Monday, July 11, 2022

Vietnamese American will lead questioning in Jan. 6 select committee probe of failed insurrection

SCREEN CAPTURE
Rep. Stephanie Murphy, left, will lead the questioning of the House Jan. 6 Select Committee.


Congressmember Stephanie Murphy will be one of the key questioners in today's hearing by the House Jan. 6 select committee investigating the violent failed 2021 coup of US Congress.

The spotlight will be on Murphy, the only Vietnamese American woman in Congress and a member of the select committee investigating the Capitol insurrection. Tuesday's hearing will fconnect the dots between people in Donald Trump’s circle and the rightwing radicals -- the Proud Boys and the Oath Keepers that egged on the mob that forced their way into the Capitol on Jan. 6, 2021.

“We will lay out the body of evidence that we have that talks about how the president’s tweet on the wee hours of Dec. 19 of, ‘Be there, be wild,’ was a siren call to these folks,” Murphy said on NBC’s Meet the Press on Sunday. 


The hearing could be one of the most consequential held by the panel, potentially answering the long unresolved question of whether Trump knew that far right extremist groups such as the Proud Boys and Oath Keepers would storm the Capitol, and whether the president was in contact through intermediaries with the groups’ leaders, who have since been indicted for seditious conspiracy.

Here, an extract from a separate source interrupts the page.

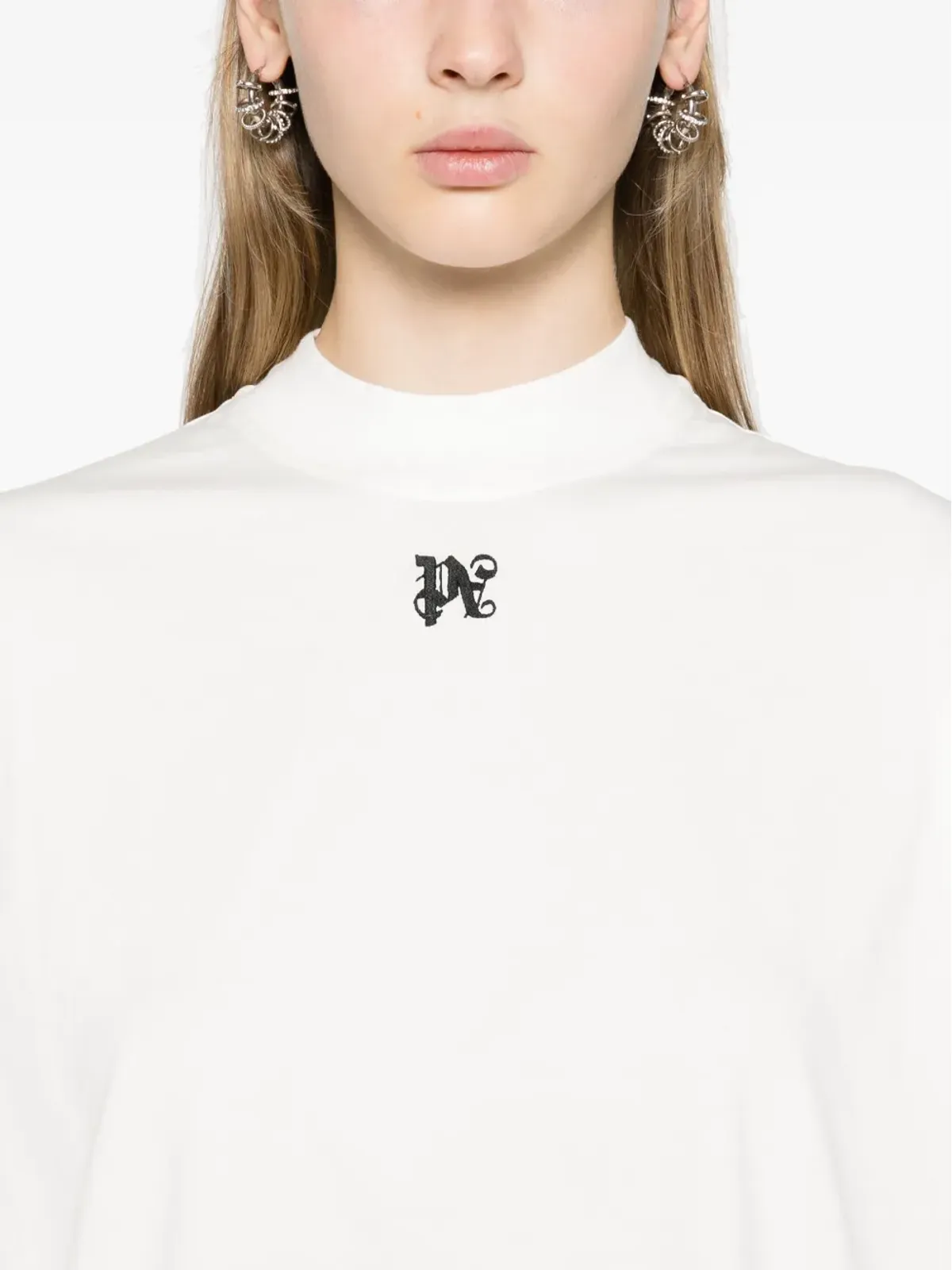 Palm Angels 翼プリント Tシャツ - ホワイト - 画像5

“We will lay out a body of evidence that we have that talks about how the President’s tweets on the wee hours of Dec. 19 of ‘Be there, Be wild’ was a siren call to these folks,” Murphy said, referencing a tweet where Trump alleged it was statistically impossible he lost the election.


“We’ll talk in detail about what that caused them to do, how that caused them to organize, as well as who else was amplifying that message,” referring to those members of Congress and Trump's administration.

Murphy will lead the questioning during the Tuesday televised hearing along with Rep. Jamie Raskin, D-MD.

Without revealing any details of the closed-door testimony of form White House Counsel Pat Cipollone's meeting Friday with the select committee.

Cipollone testimony came after former White House aide Cassidy Hutchinson revealed alleged details about Cipollone's actions that day and the days leading to the attempted insurrection that temporarily inerrupted Congress' certification of the presidential election results during which lives were lost and scores of injuries suffered by law enforcement that tried to prevent the mobs from entering the building.

Murphy, a conservative Democrat who will not be running for re-election this year, said the select committee was able to get Cipollone “to confirm the concerns that he did have” about efforts to overturn President Biden's landslide victory.

“He made very clear that he took the side of many of the folks that you’ve already seen come before the committee, and was asserting that there wasn’t enough evidence to prove that the election was not free and fair,” Murphy told MTP host Chuck Todd.